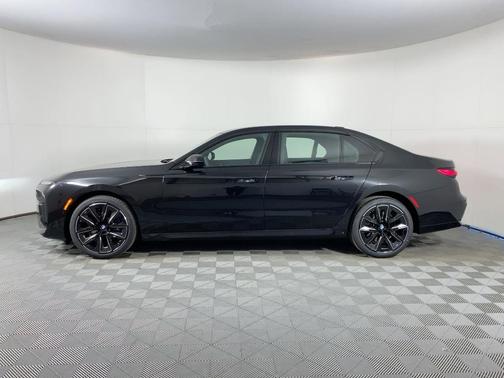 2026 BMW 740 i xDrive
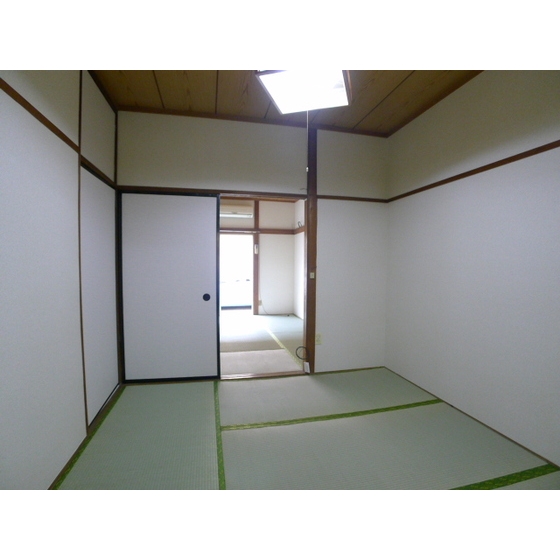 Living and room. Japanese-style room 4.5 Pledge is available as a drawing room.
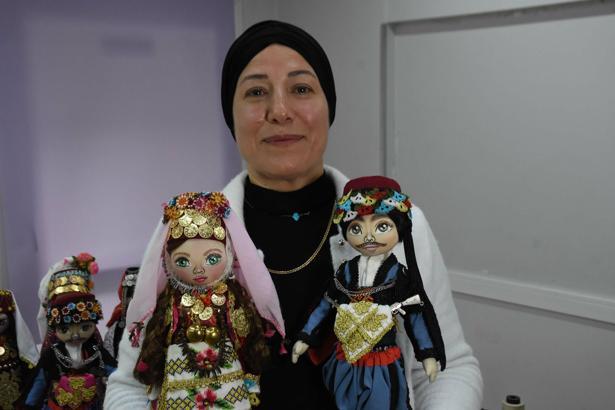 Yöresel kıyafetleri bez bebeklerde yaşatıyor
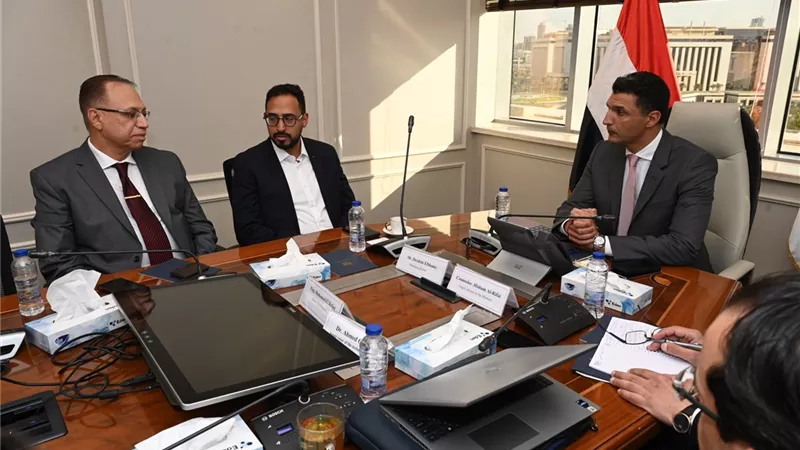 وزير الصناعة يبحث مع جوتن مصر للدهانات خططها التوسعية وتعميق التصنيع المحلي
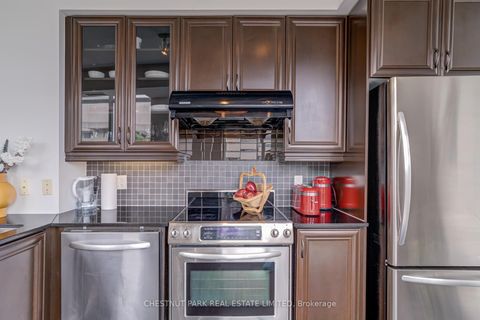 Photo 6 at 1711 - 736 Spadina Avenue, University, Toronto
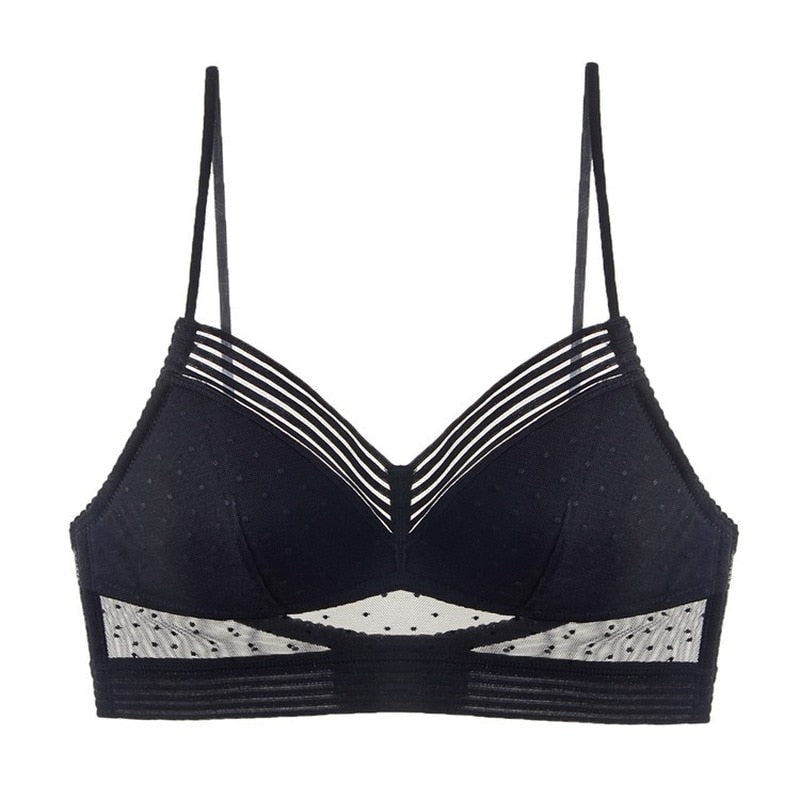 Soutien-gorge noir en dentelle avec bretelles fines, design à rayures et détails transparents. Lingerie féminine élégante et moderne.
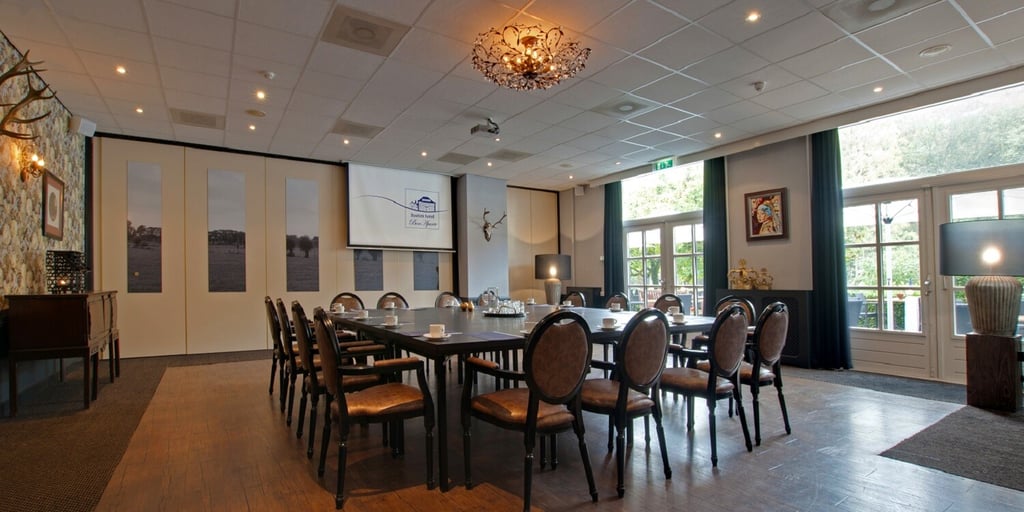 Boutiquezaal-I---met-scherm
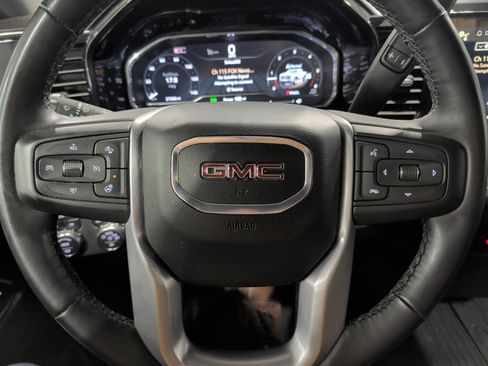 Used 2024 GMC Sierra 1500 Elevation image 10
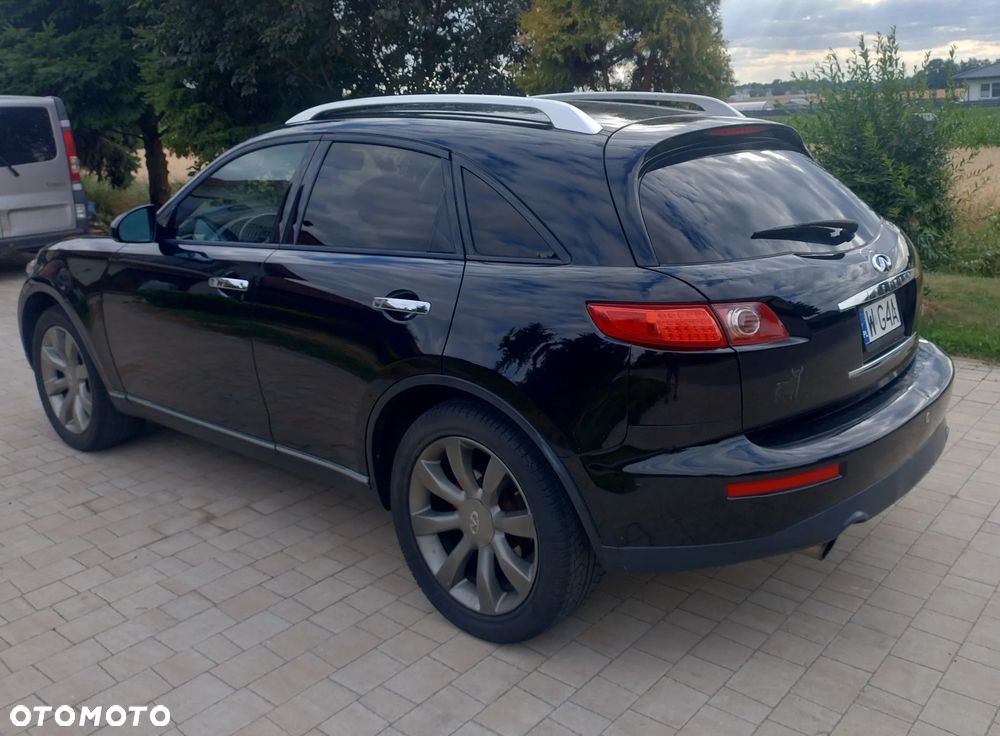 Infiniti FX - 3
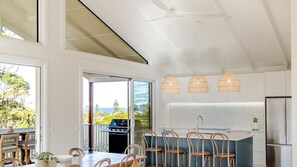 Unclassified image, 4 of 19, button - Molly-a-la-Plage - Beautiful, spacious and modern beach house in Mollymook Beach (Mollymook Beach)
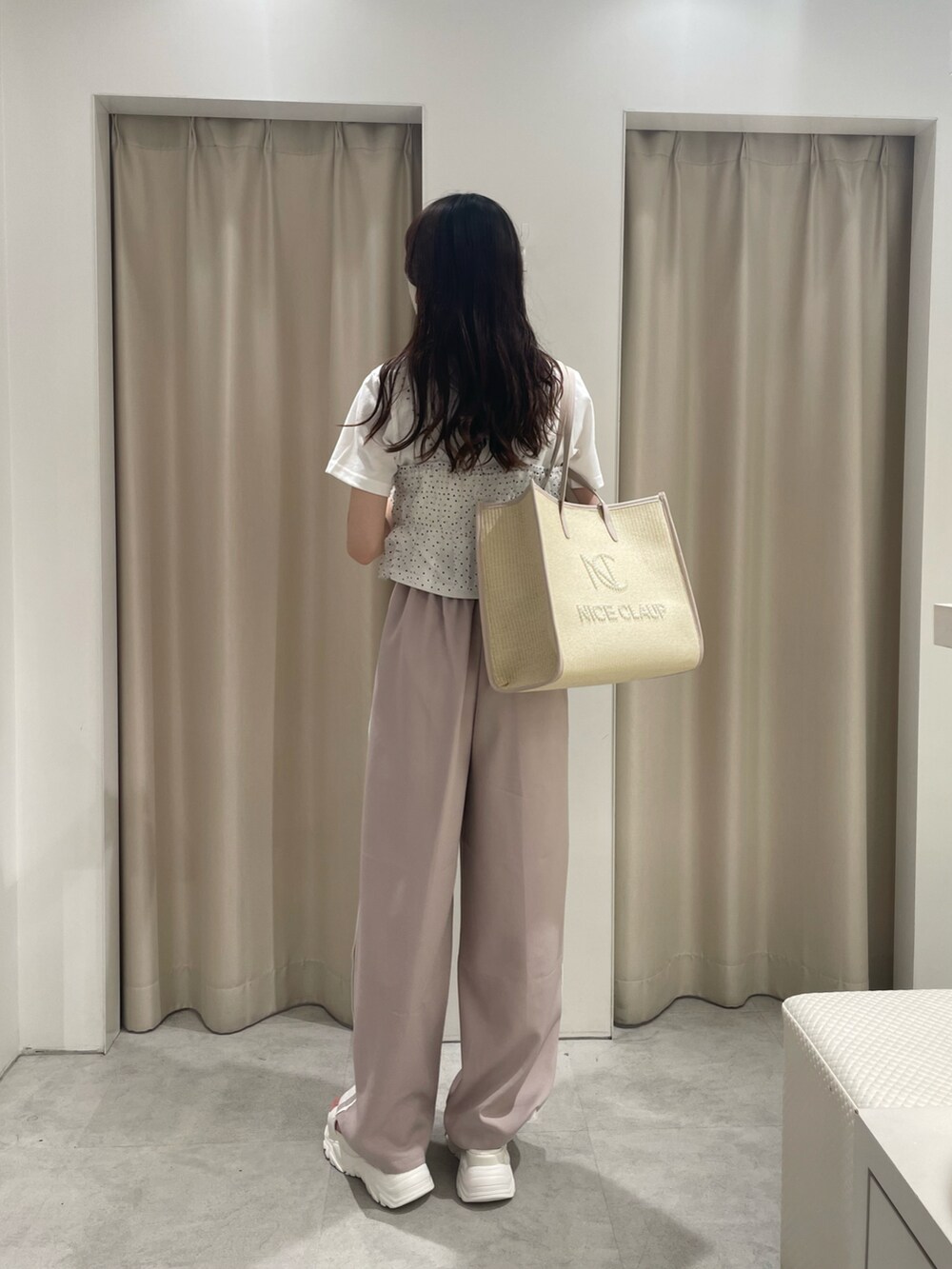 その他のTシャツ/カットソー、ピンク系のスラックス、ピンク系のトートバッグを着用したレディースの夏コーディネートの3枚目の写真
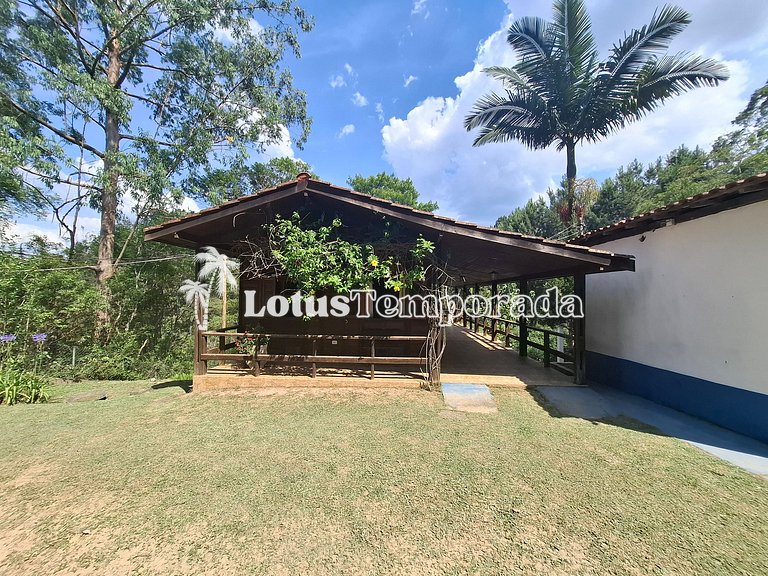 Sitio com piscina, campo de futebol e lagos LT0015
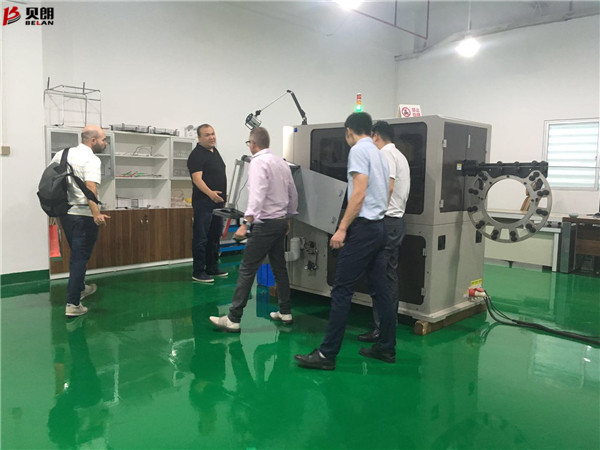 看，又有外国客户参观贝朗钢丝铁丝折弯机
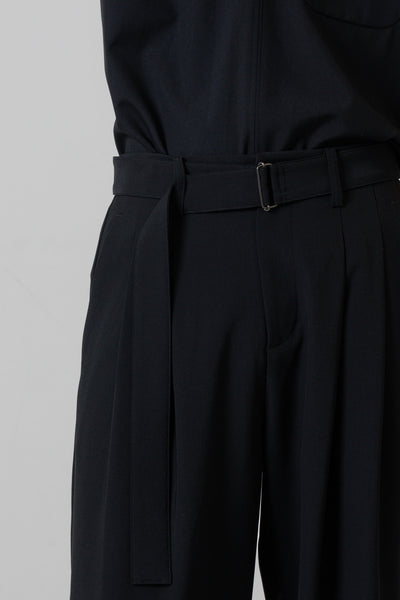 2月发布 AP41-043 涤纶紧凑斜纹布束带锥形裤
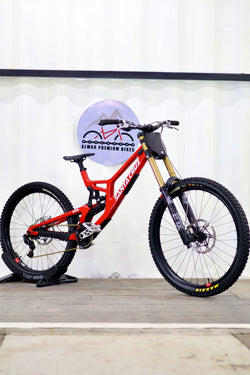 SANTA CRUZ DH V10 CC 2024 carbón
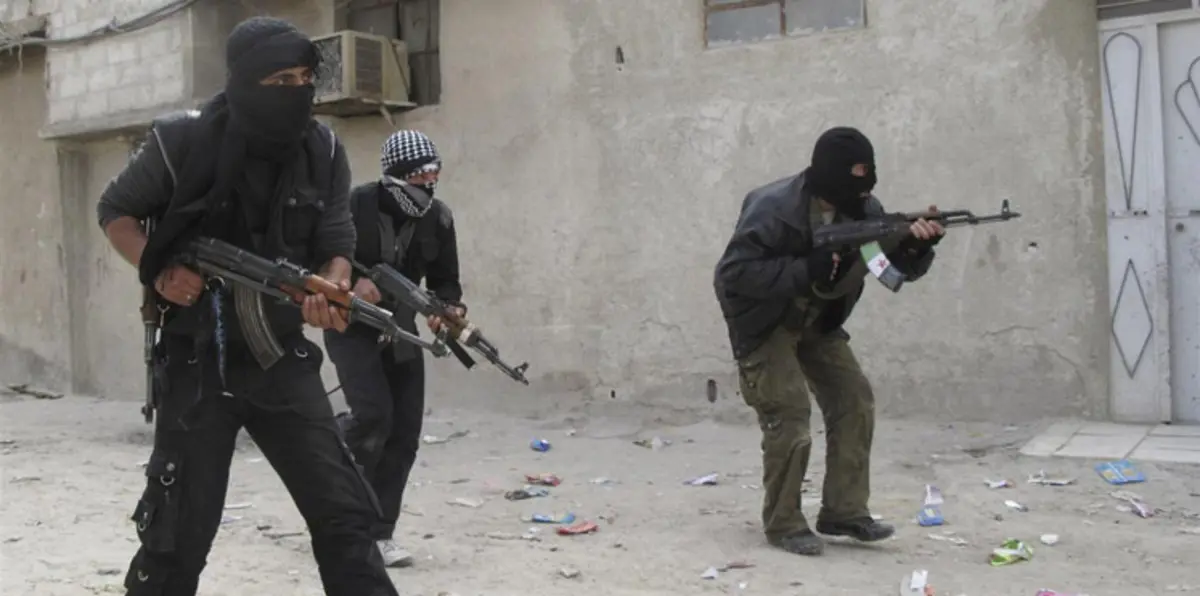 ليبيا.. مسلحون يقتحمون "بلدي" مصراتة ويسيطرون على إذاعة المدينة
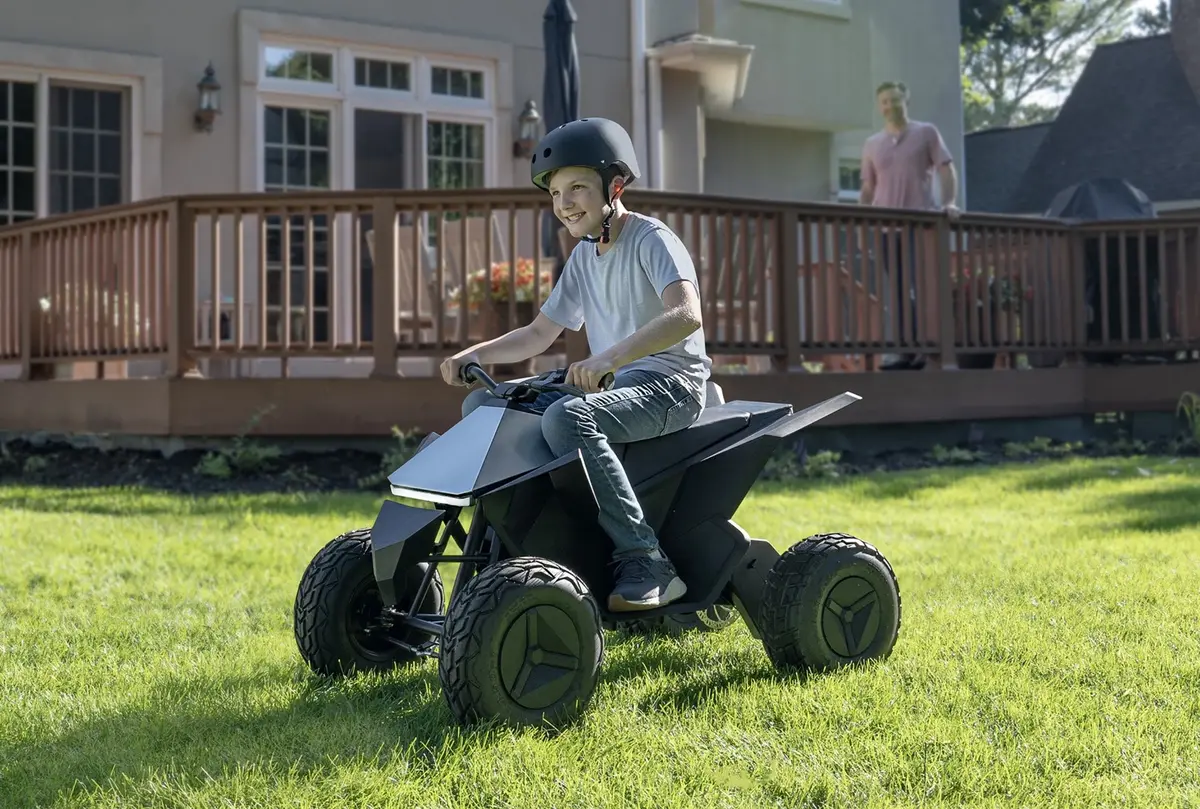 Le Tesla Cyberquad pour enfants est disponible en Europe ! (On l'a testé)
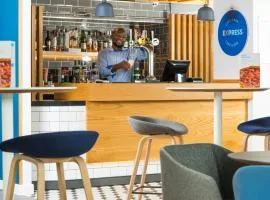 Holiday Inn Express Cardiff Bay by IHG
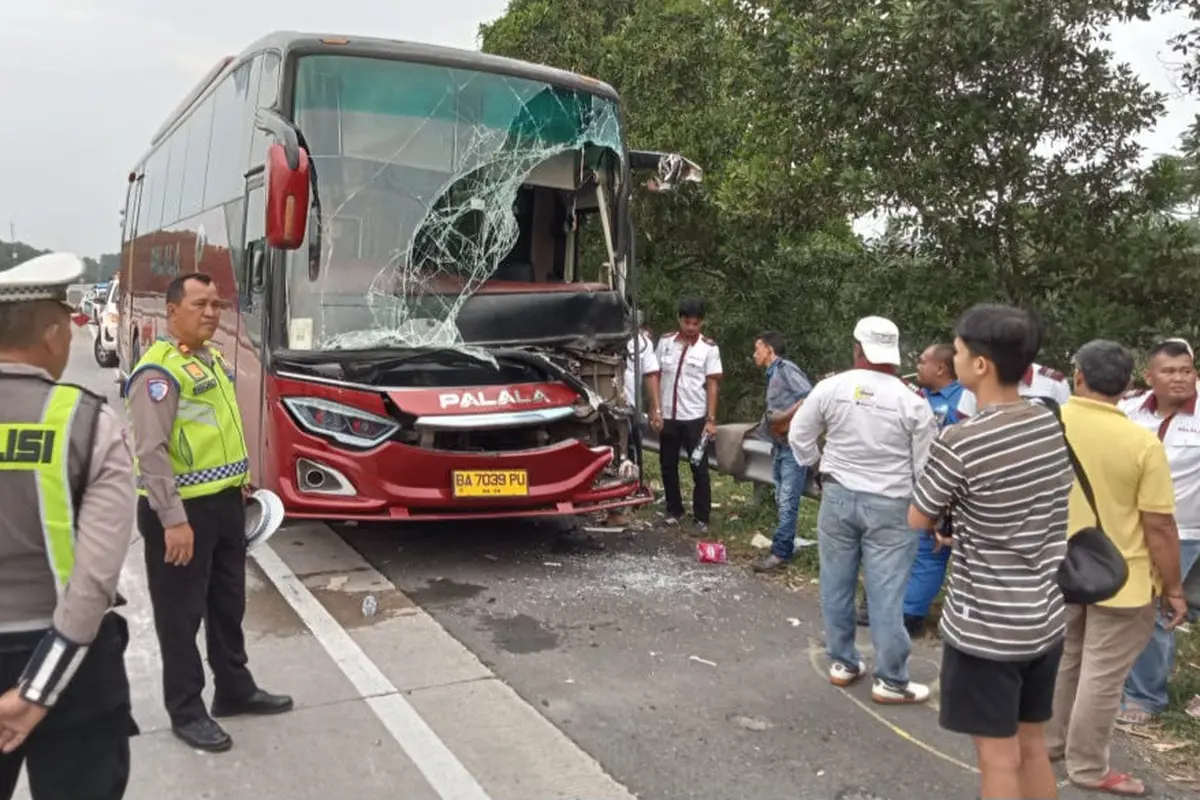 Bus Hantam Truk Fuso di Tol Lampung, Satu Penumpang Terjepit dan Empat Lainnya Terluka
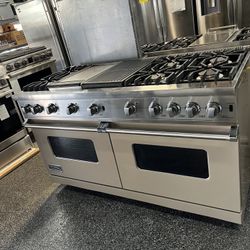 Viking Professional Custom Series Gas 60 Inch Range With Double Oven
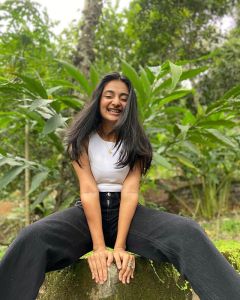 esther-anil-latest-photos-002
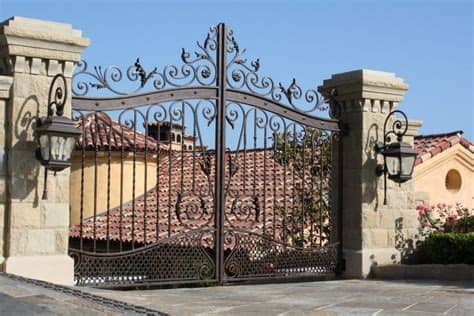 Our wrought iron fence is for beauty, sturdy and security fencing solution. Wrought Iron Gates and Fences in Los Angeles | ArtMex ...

_Task statement_
The answer must be an exact copy of the lines from the one containing "esther-anil-latest-photos-002" through the last line of the records, with no pictures included.

_Answer below_
 esther-anil-latest-photos-002
 Our wrought iron fence is for beauty, sturdy and security fencing solution. Wrought Iron Gates and Fences in Los Angeles | ArtMex ...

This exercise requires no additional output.